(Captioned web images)
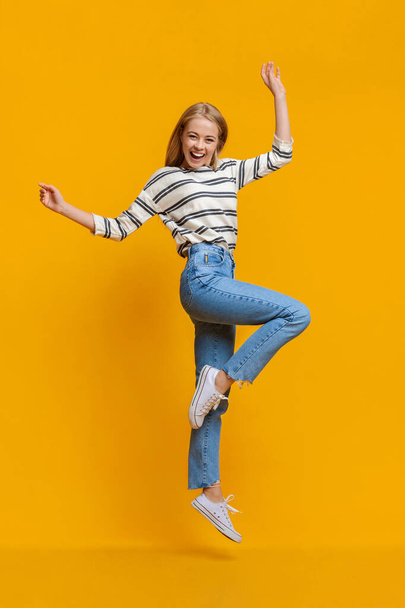 Θετική όμορφη έφηβη κοπέλα που πηδάει στον αέρα με τα χέρια ψηλά - Φωτογραφία, εικόνα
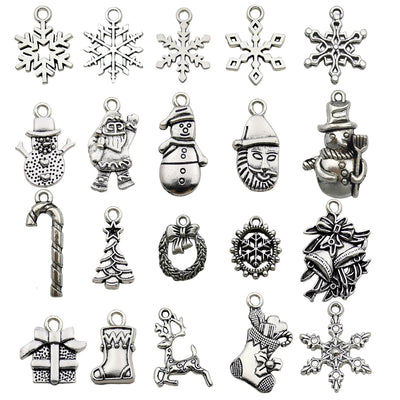 Antique silver christmas tree and snowflake charms arranged on a light background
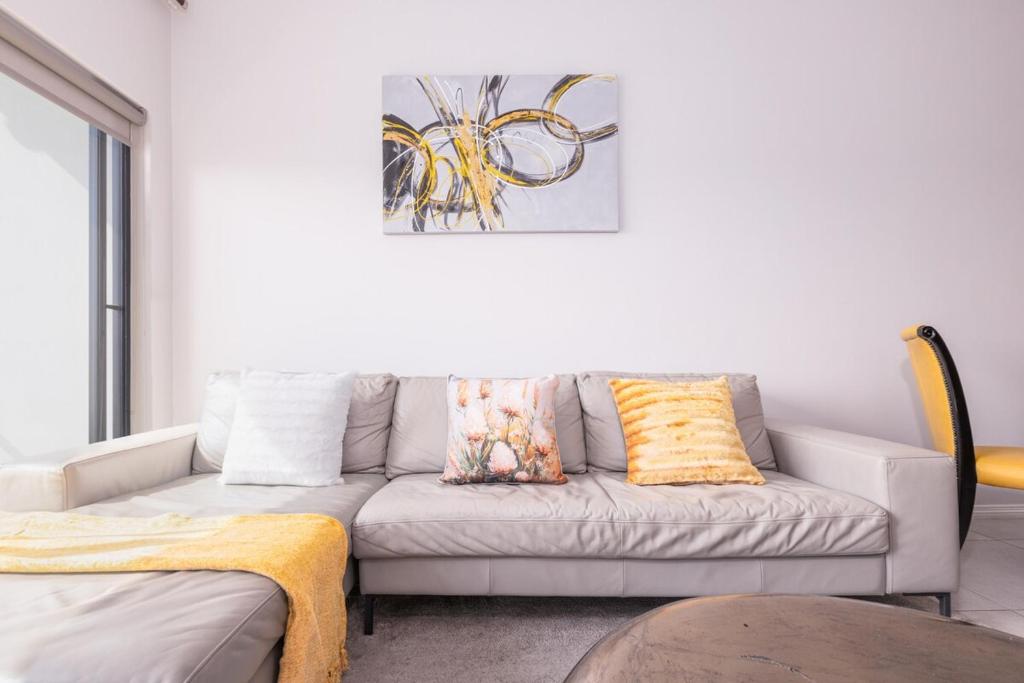 a living room with a couch and a painting on the wall at Zoe Lodge in Midrand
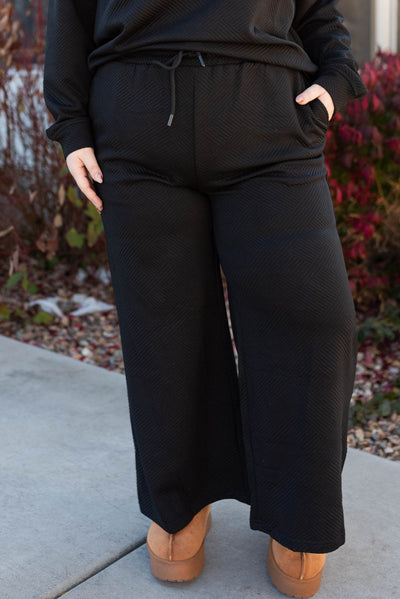 Front view of the pants of the plus size black textured lounge set with pockets and elastic waist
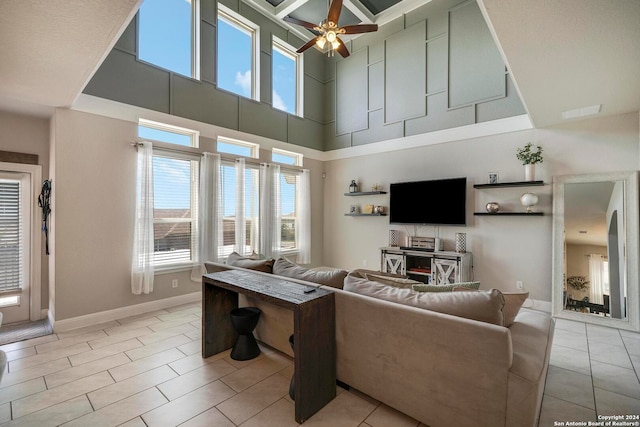 tiled living room with a towering ceiling and ceiling fan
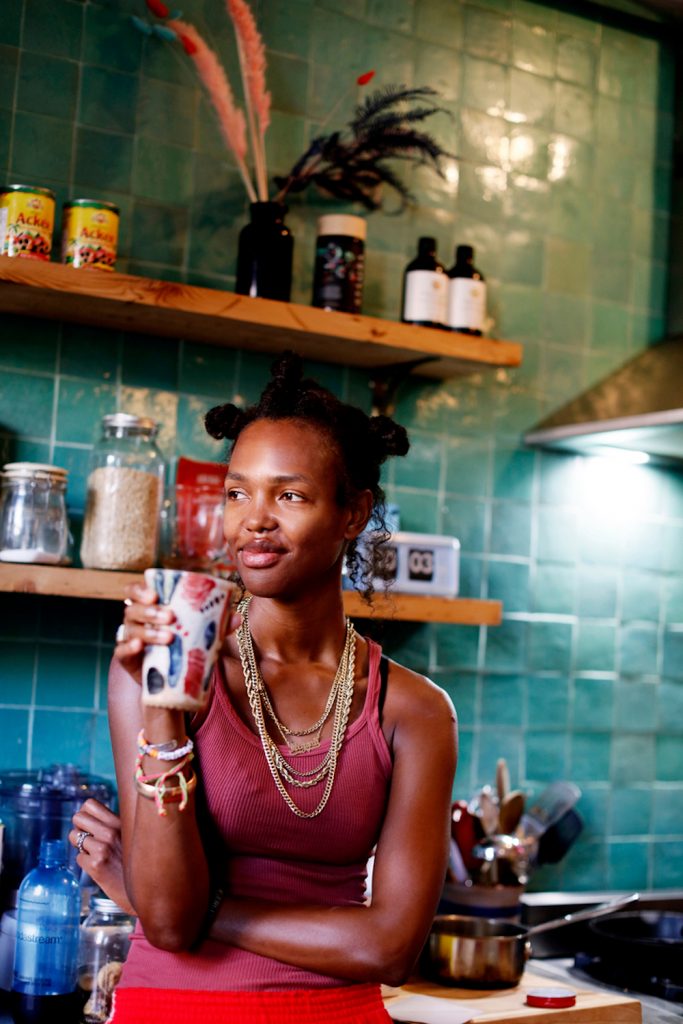 Woman drinking coffee in kitchen.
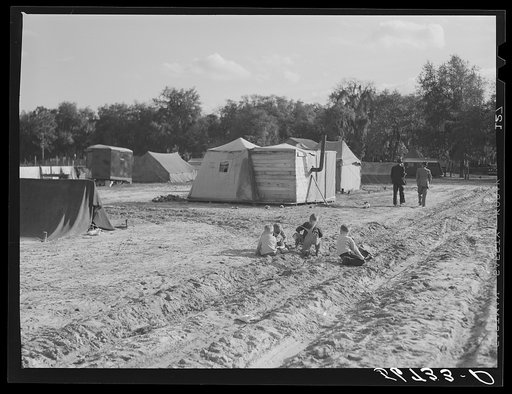 Untitled photo, possibly related to: Construction workers' children playing in front of their shacks and tents in camp near Camp Blanding. Starke, Florida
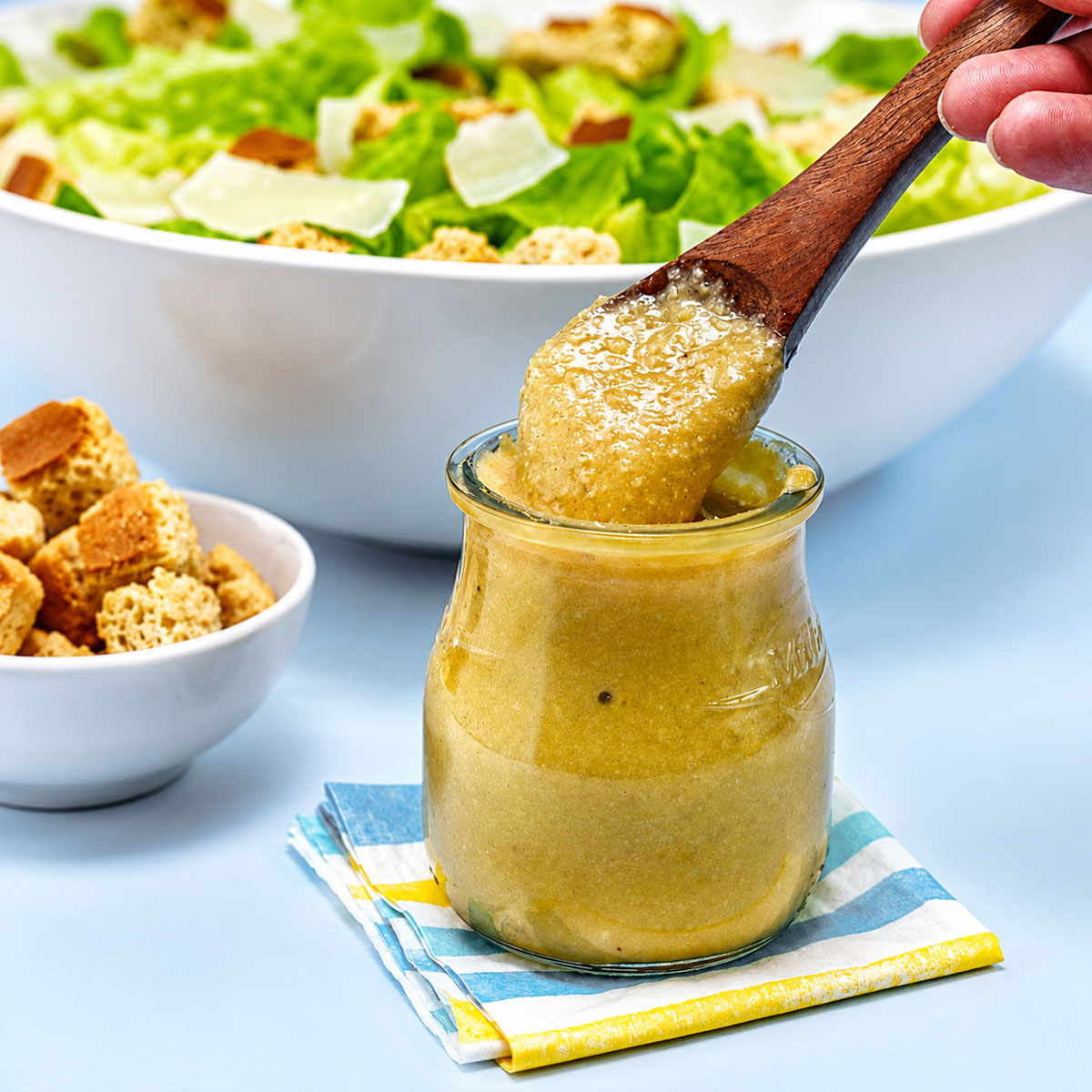 Creamy Easy Caesar Salad Dressing scooped from a glass jar with a wooden spoon, served alongside fresh romaine lettuce, croutons, and Parmesan.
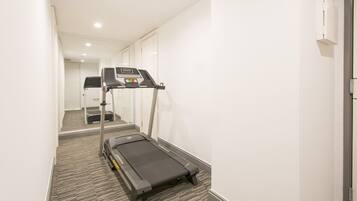 A hallway with a treadmill, carpeted floor, and a door at the end.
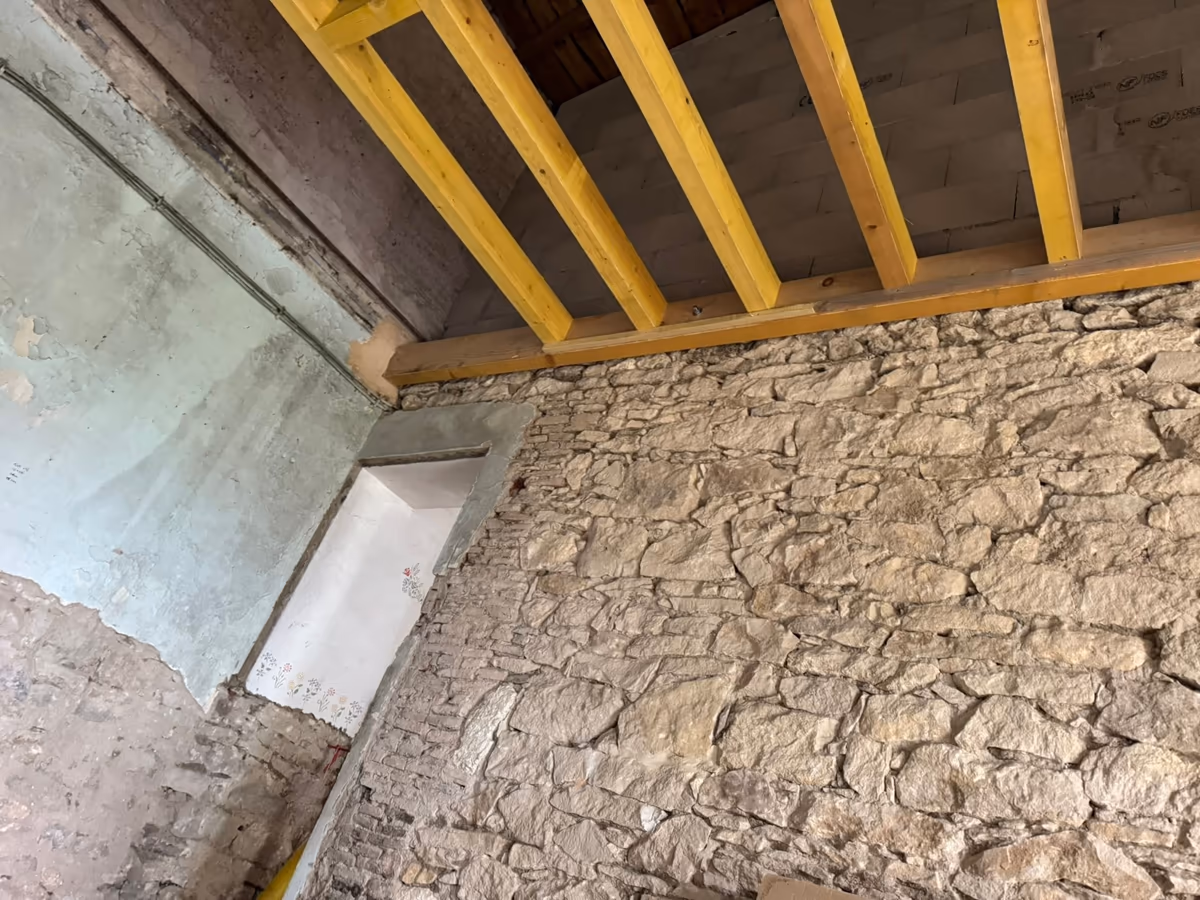 Solives de plancher en bois neuf reposant sur une pièce d'appui posée en tête d'un mur ancien en moellons de pierre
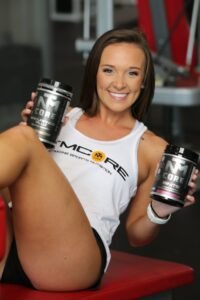 A fit woman in a gym smiling and holding fitness supplements, showcasing active lifestyle.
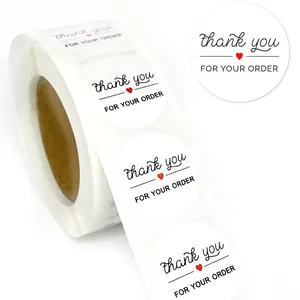 Roll of white circular Thank You stickers with red hearts for gift sealing, 1 inch size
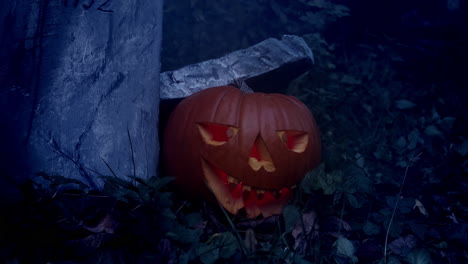 halloween pumpkin by tombstone, flashing light and fog, horror atmosphere, slider closeup shot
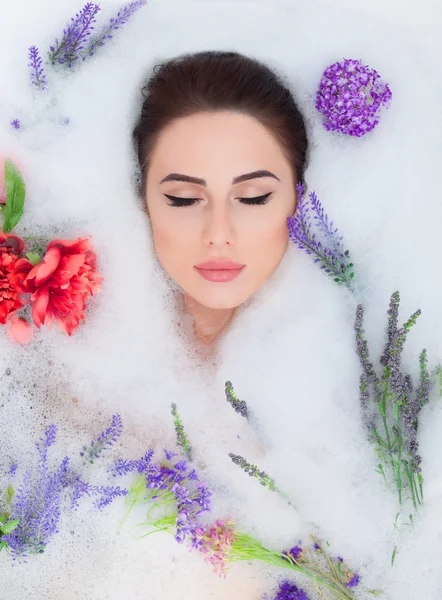 Woman with flowers in the foam bath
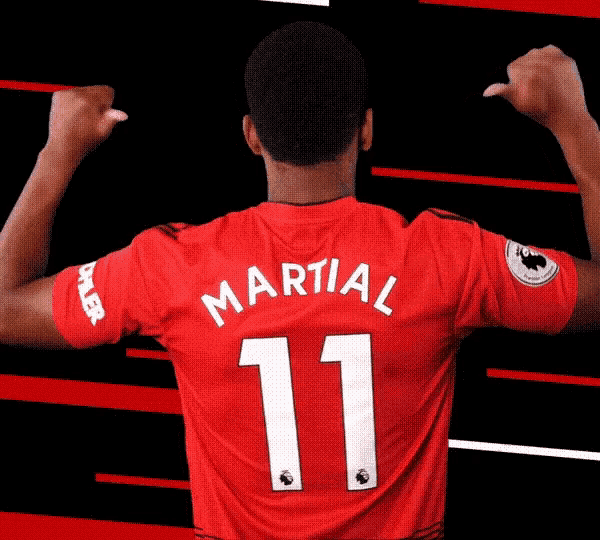 martial number 11 flexes his muscles in a red shirt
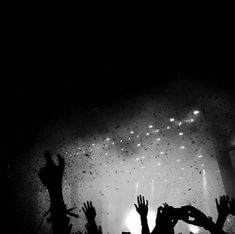 silhouettes of people raising their hands in front of a stage with lights and confetti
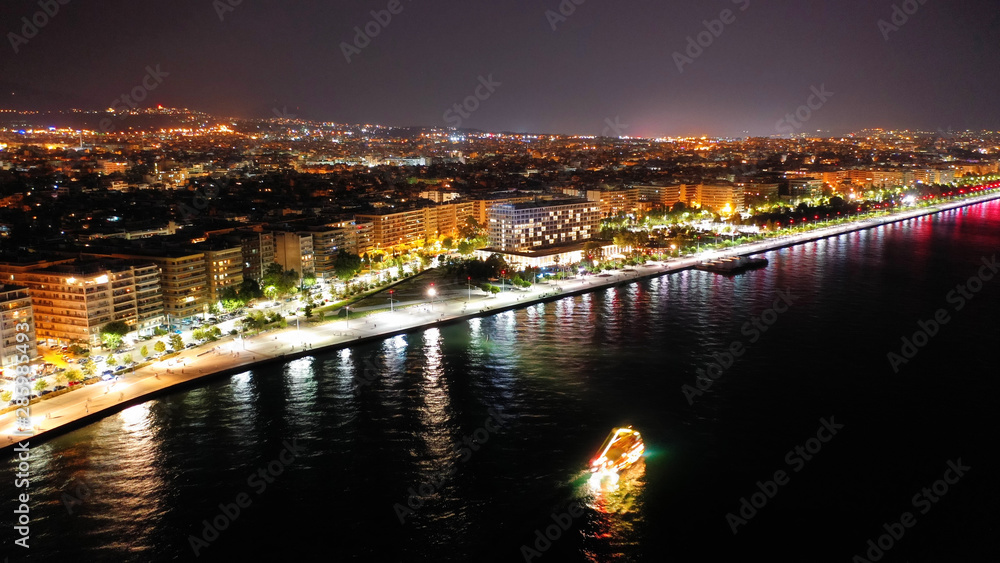 Aerial drone night shot of famous promenade area in new waterfront of Thessaloniki or Salonica featuring Alexander the Great statue, North Greece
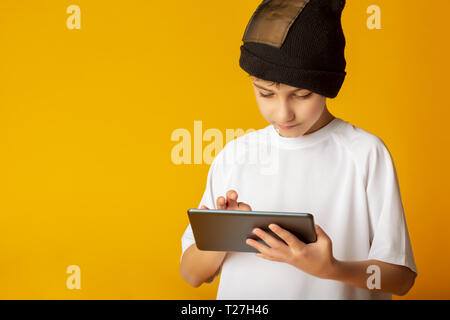 Young gamer cheerful teenage boy playing video games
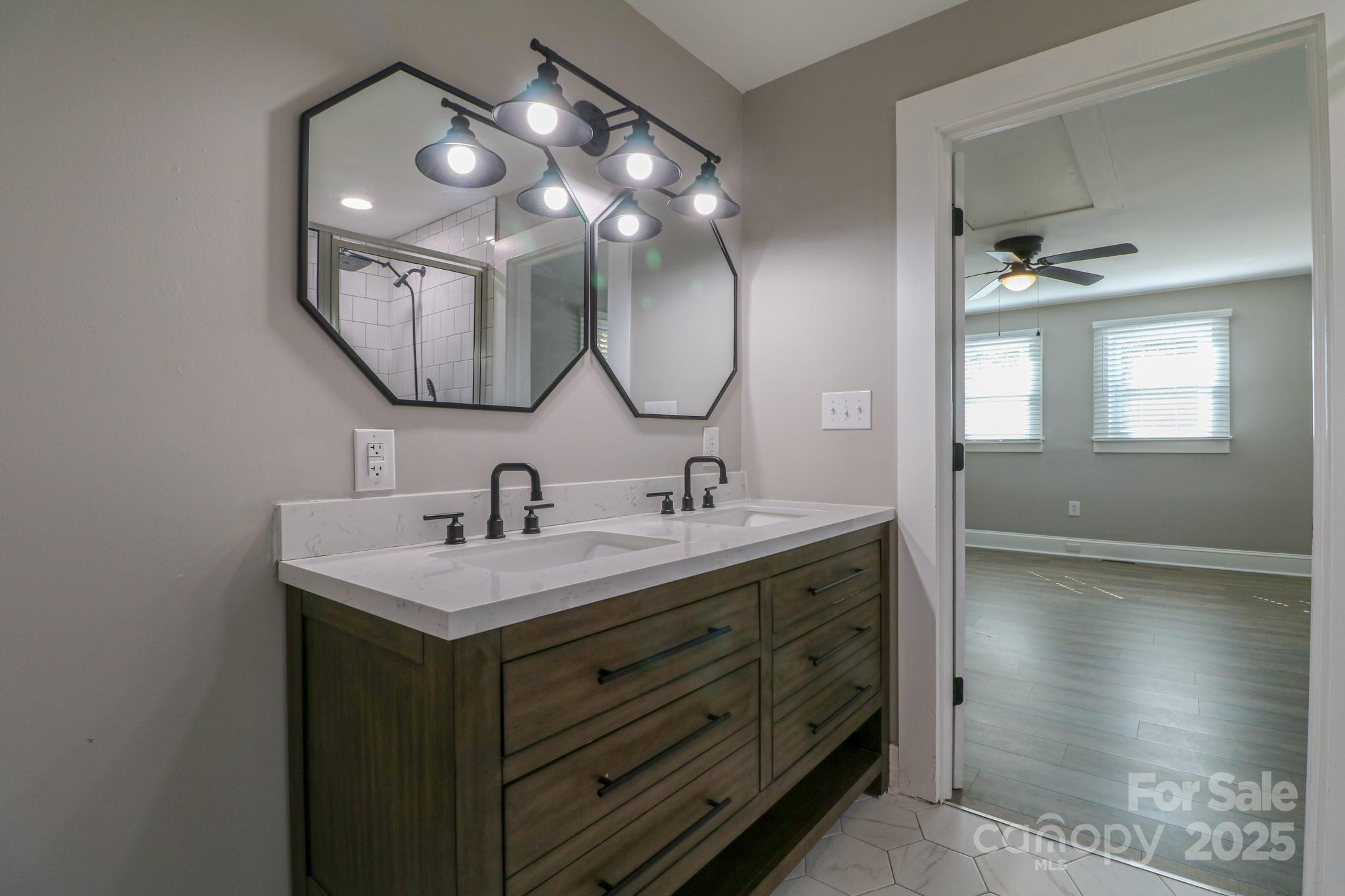 455 Stone Road Salisbury, NC 28146 - Photo 15 of 30 a bathroom with a double vanity sink and a mirror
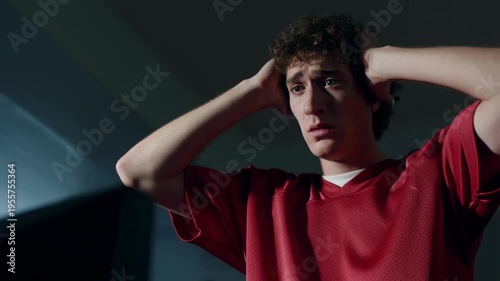 Young man holding his head in distress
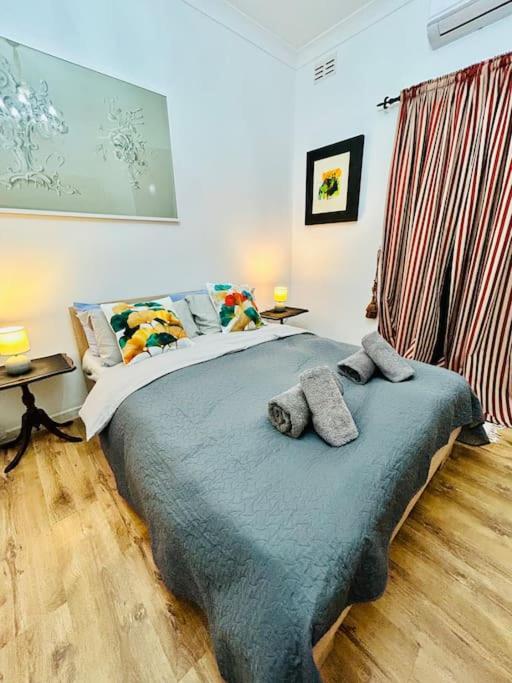 a bedroom with a bed with two pillows on it at XL Massive Art-Filled Home in Central Area, WALK to Sliema, St Julian's in Il-Gżira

◆ What you will do ◆
Please return the data above exactly as it stands from the line with "Aerial drone night" to the line with "Young man holding his head in distress", keeping both of those lines but none of the pictures.

◆ Task output ◆
 Aerial drone night shot of famous promenade area in new waterfront of Thessaloniki or Salonica featuring Alexander the Great statue, North Greece
 Young gamer cheerful teenage boy playing video games
 455 Stone Road Salisbury, NC 28146 - Photo 15 of 30 a bathroom with a double vanity sink and a mirror
 Young man holding his head in distress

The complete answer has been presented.